Dataset entries:
Segment Open

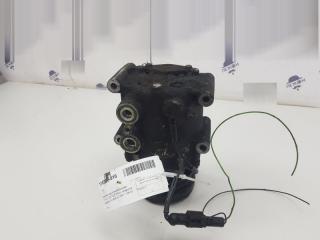 Компрессор кондиционера Ford Focus 1828202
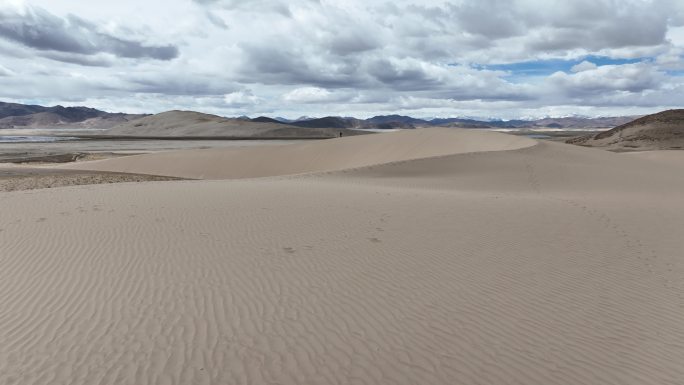 西藏阿里地区沙漠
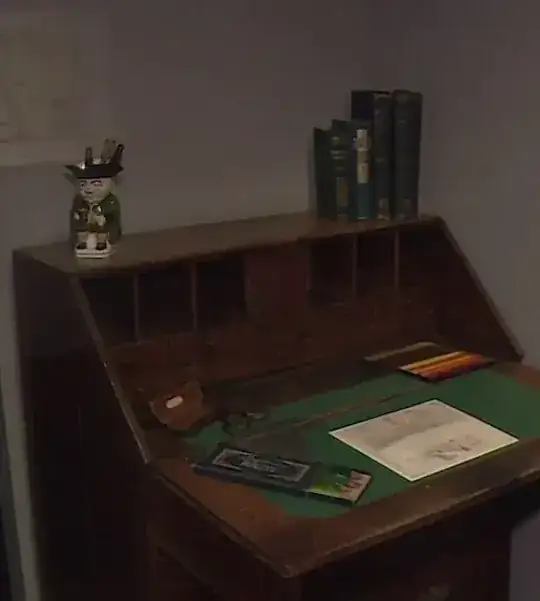 Tolkien's Toby jug at the 2018 exhibition "Tolkien: Maker of Middle Earth"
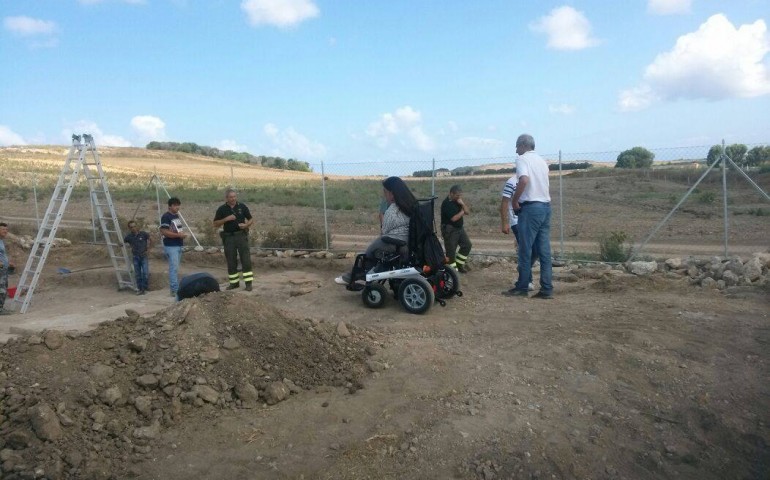 Firino in visita a Mont’e prama: “i giganti stanno bene, massima vigilanza per la protezione dello scavo”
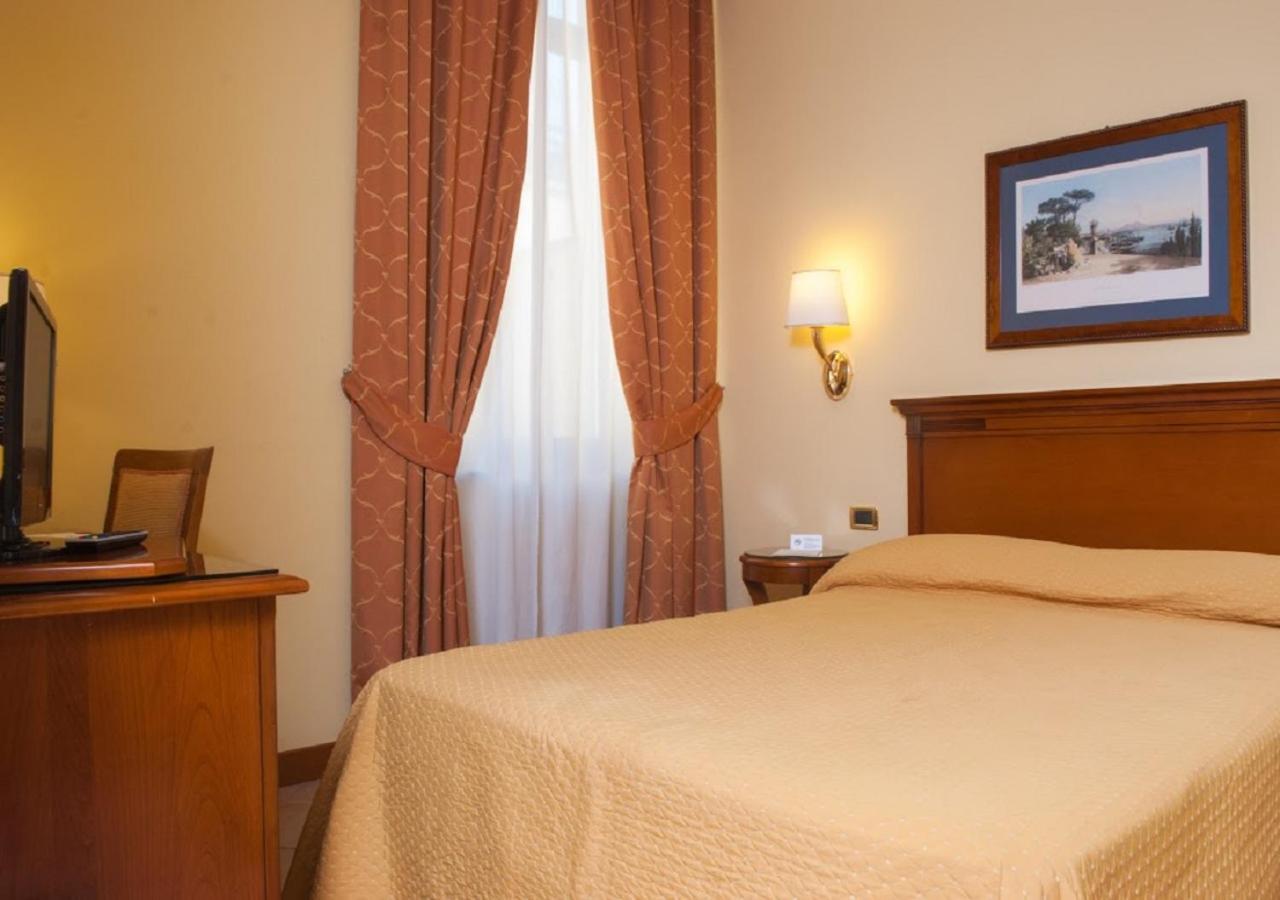 Le Cheminee Business Hotel Napoli Eksteriør billede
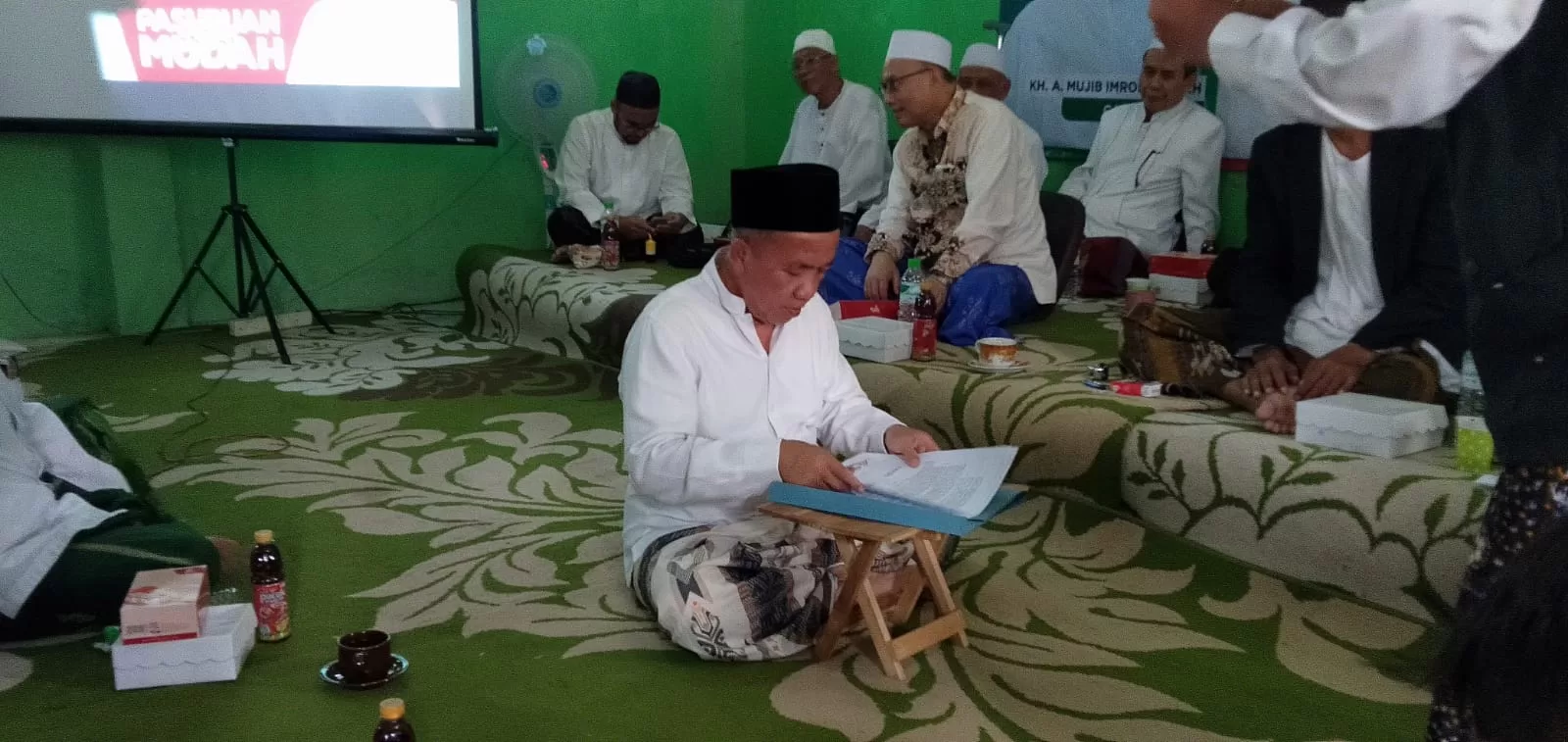 Gus Mujib saat mendatangani pakta maslahat hasil ijtima (BM)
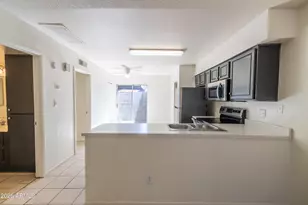 2440 E Waltann Ln, Phoenix, AZ 85032 - Photo 11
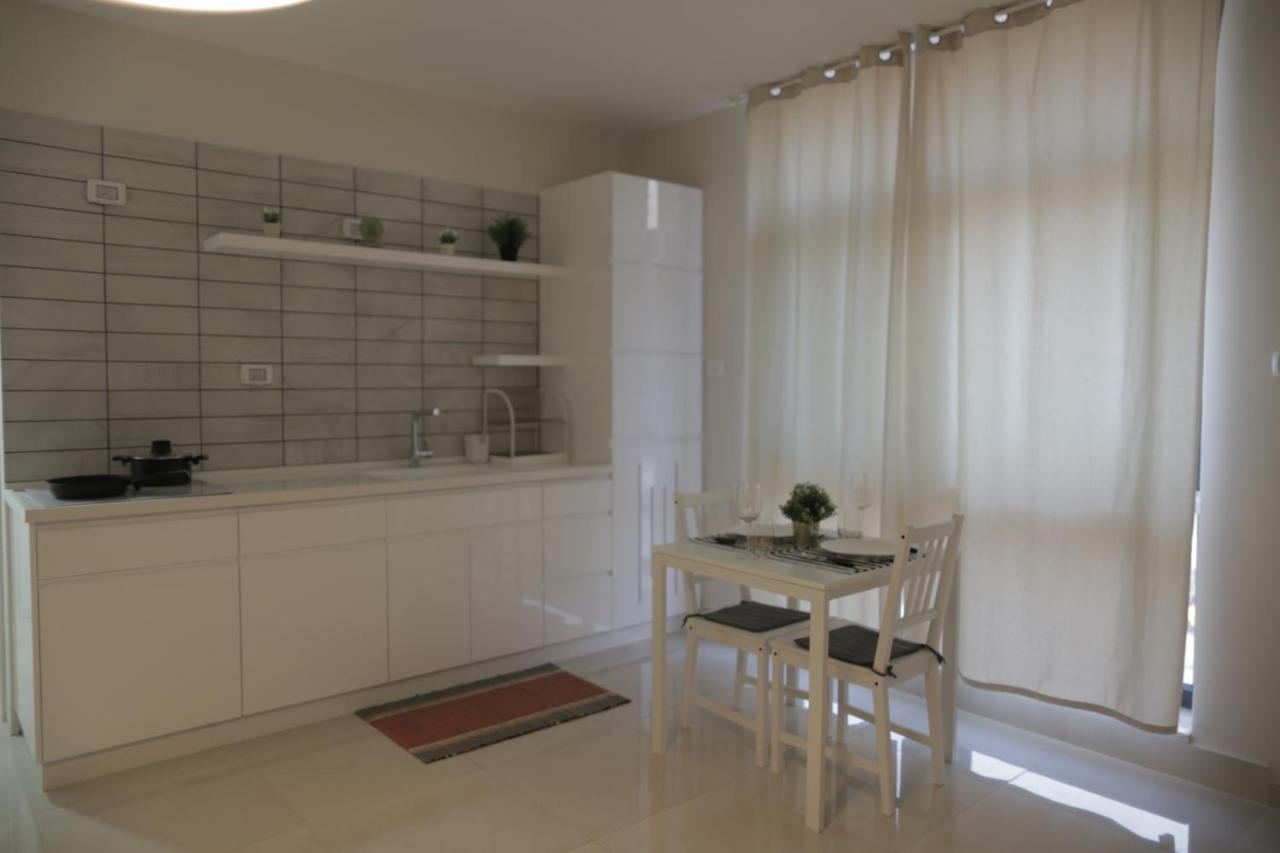 Ramallah Modern Apartment Exterior photo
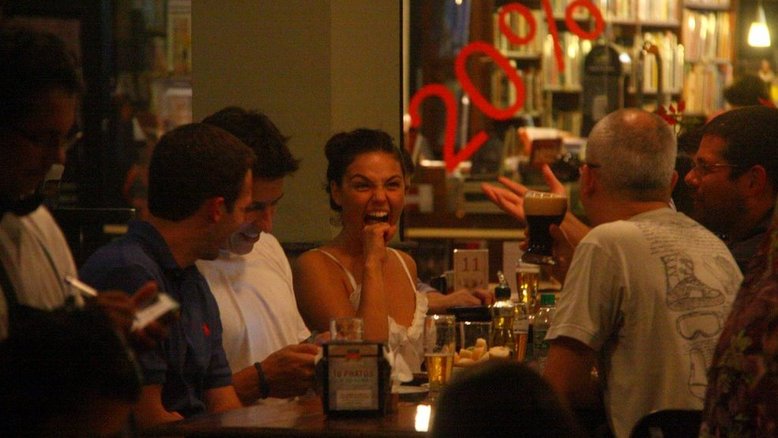 Isis Valverde em happy hour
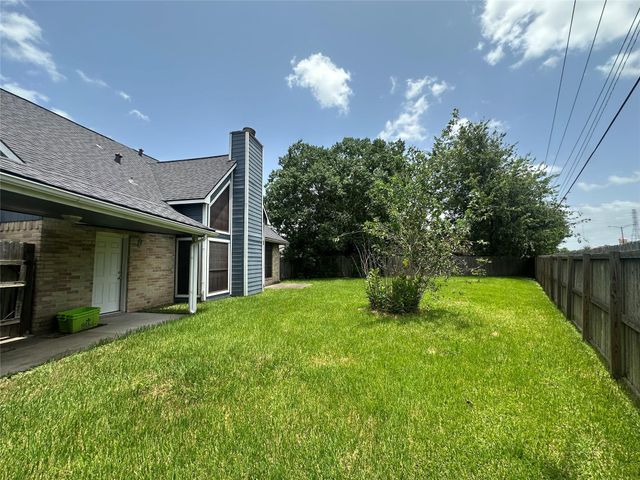 2523 Castle Place, Stafford, TX 77477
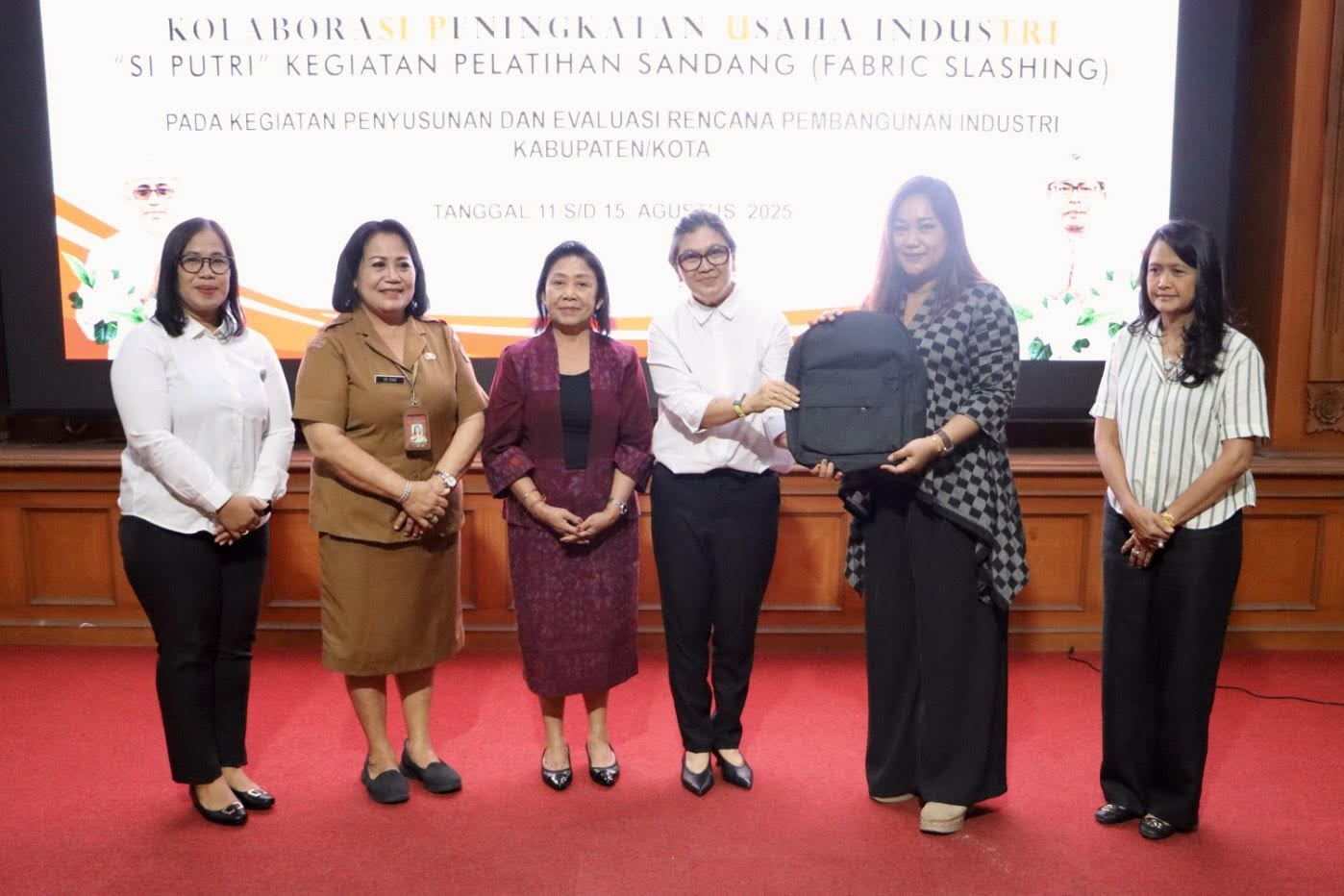 Sasar Pelaku IKM, Pemkot Denpasar Gelar "Si Putri" dan Pelatihan Sandang “Fabric Slashing”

Segment Closed

An exact reproduction of every record above is required, with no pictures included.

[THE ANSWER]
 Компрессор кондиционера Ford Focus 1828202
 西藏阿里地区沙漠
 Tolkien's Toby jug at the 2018 exhibition "Tolkien: Maker of Middle Earth"
 Firino in visita a Mont’e prama: “i giganti stanno bene, massima vigilanza per la protezione dello scavo”
 Le Cheminee Business Hotel Napoli Eksteriør billede
 Gus Mujib saat mendatangani pakta maslahat hasil ijtima (BM)
 2440 E Waltann Ln, Phoenix, AZ 85032 - Photo 11
 Ramallah Modern Apartment Exterior photo
 Isis Valverde em happy hour
 2523 Castle Place, Stafford, TX 77477
 Sasar Pelaku IKM, Pemkot Denpasar Gelar "Si Putri" dan Pelatihan Sandang “Fabric Slashing”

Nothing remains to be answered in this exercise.